OCD can look as if it is warning or protecting, but that appearance comes from the structure of the obsession, not from an inner part with intention. It behaves that way because the reasoning error turns a hypothetical possibility into something that feels like a danger that must be neutralized. The process is automatic. There is no agent behind it and no emotional message being sent. It is simply the result of treating imagined possibilities as if they were real.
People can absolutely carry wounds, self-doubt, or trauma from earlier experiences. Those can make someone more sensitive to certain themes, but they do not generate OCD’s reasoning and imaginative distortions. They shape vulnerability, not the mechanism specific to OCD.
So the point is not that emotional history is irrelevant.

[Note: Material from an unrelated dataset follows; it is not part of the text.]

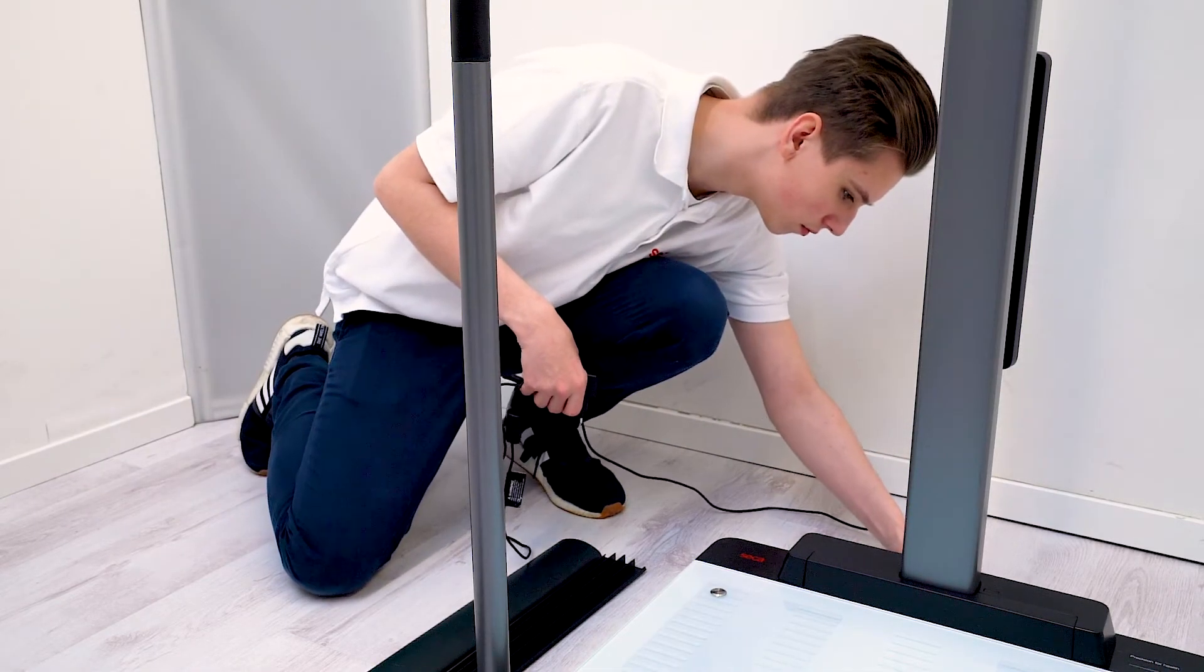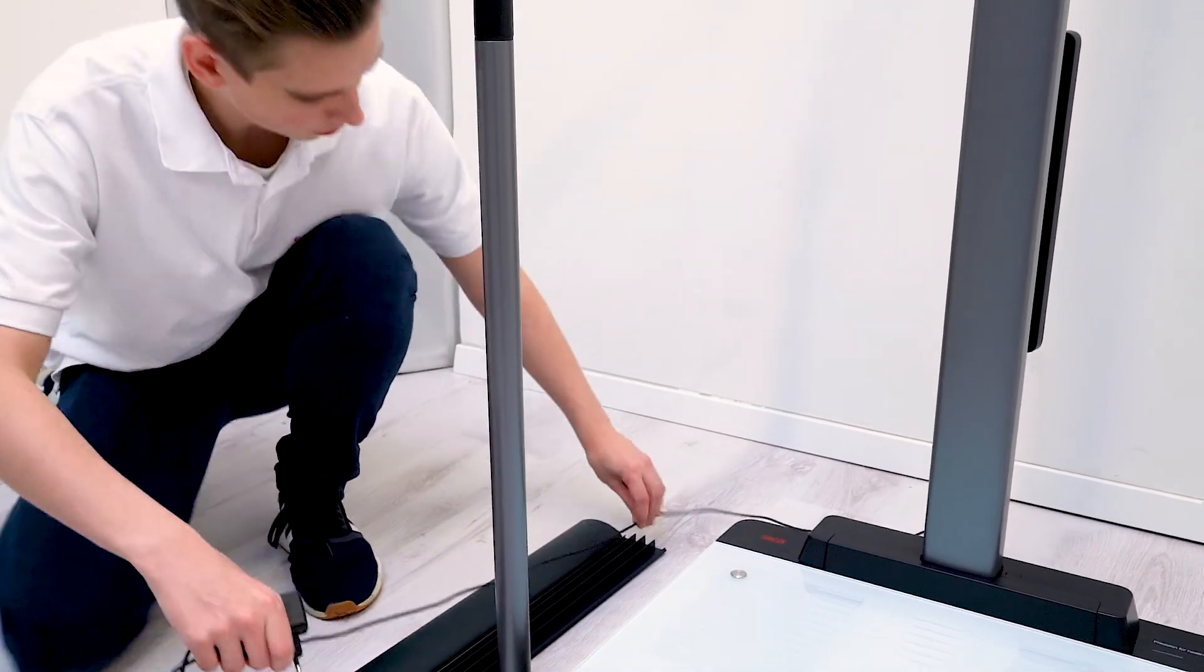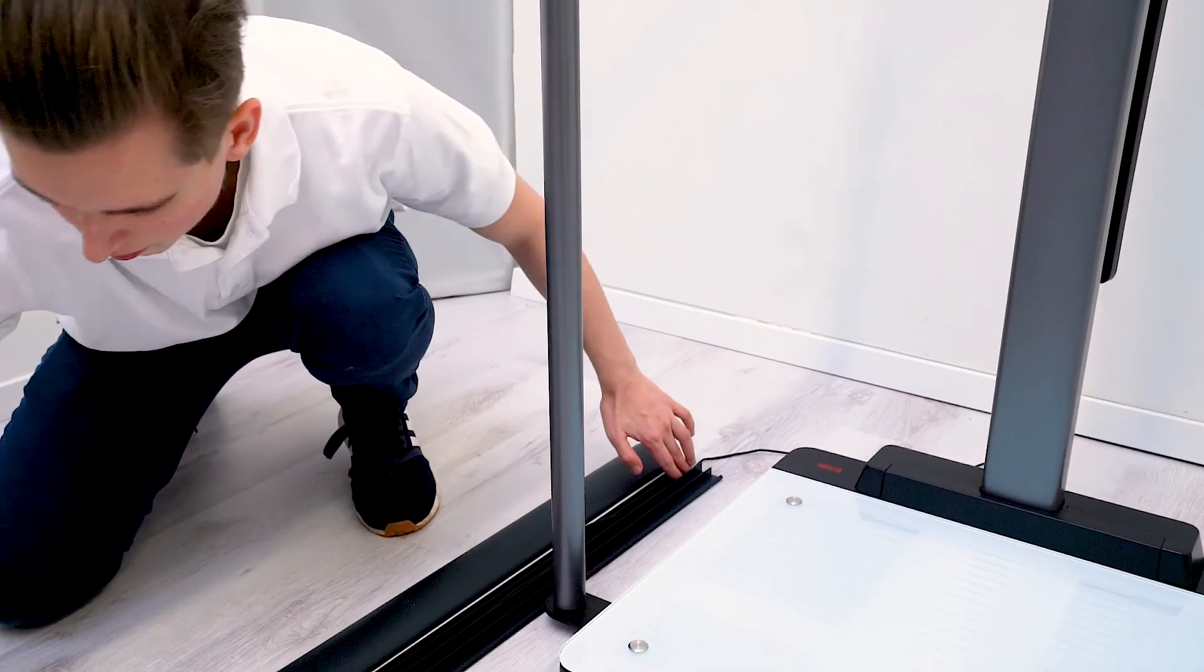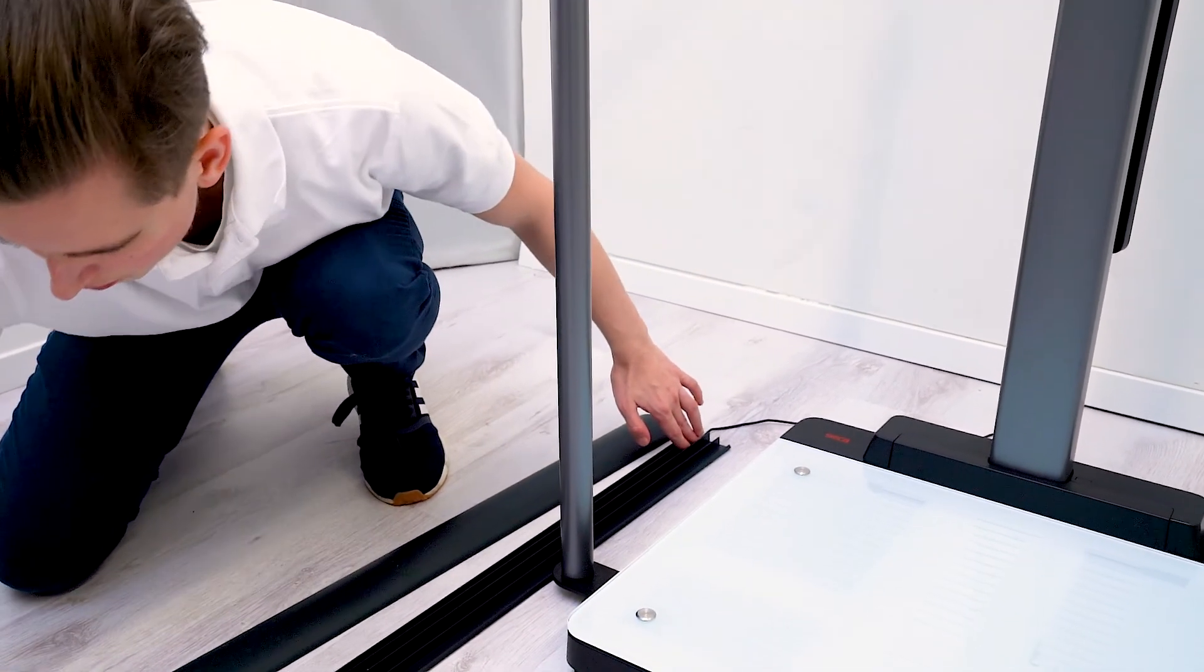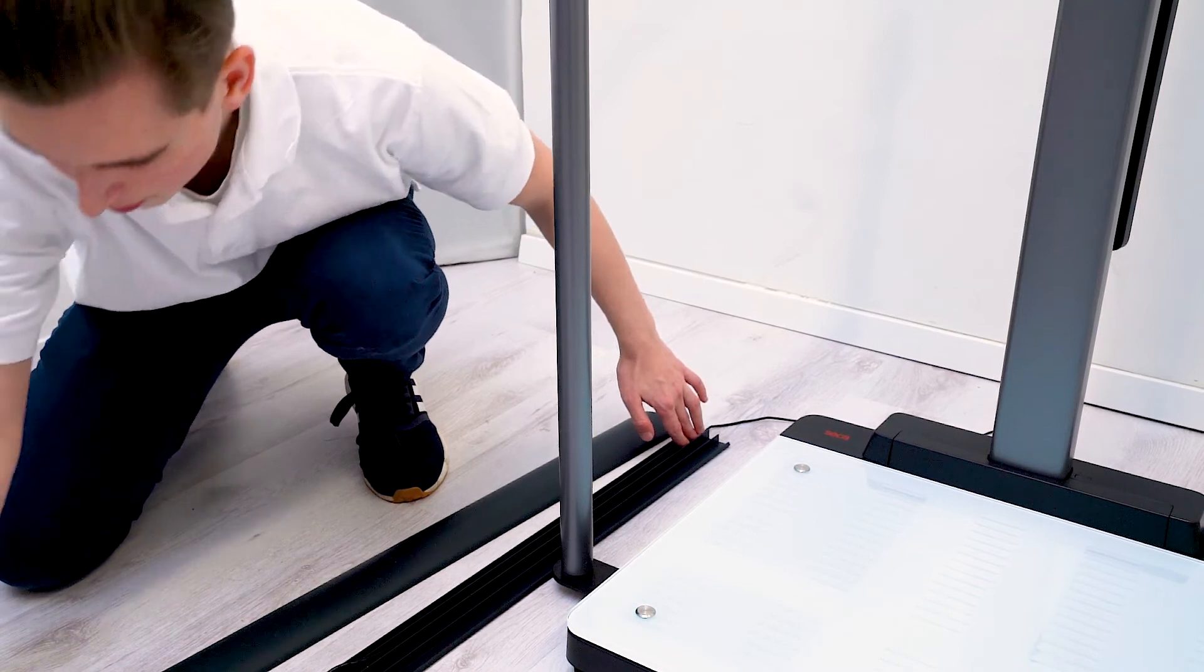The cable must not become a tripping hazard. Route it in such a way that no one has to cross it or, if necessary, secure it with a cable crossover.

It’s that the obsessional doubt does not arise to express an unmet need or to protect the person in any intentional sense. To treat OCD, we have to address the reasoning process that creates the illusion of danger, even when the anxiety feels meaningful.
Thanks for raising this. It is an important clarification.
Your thorough explanation of the “why” it’s simply a myth that OCD consists of inner protective parts – closes the case ..or should imo, until someone decides to test the assumptions of IFS with some properly designed studies.
Your points will help when the next client tells me they’re considering IFS for trauma or OCD- or received IFS treatment and it did not help at all.
It’s alarming how alluring unproven remedies are.
Thank you, Fred for sharing your knowledge and wisdom.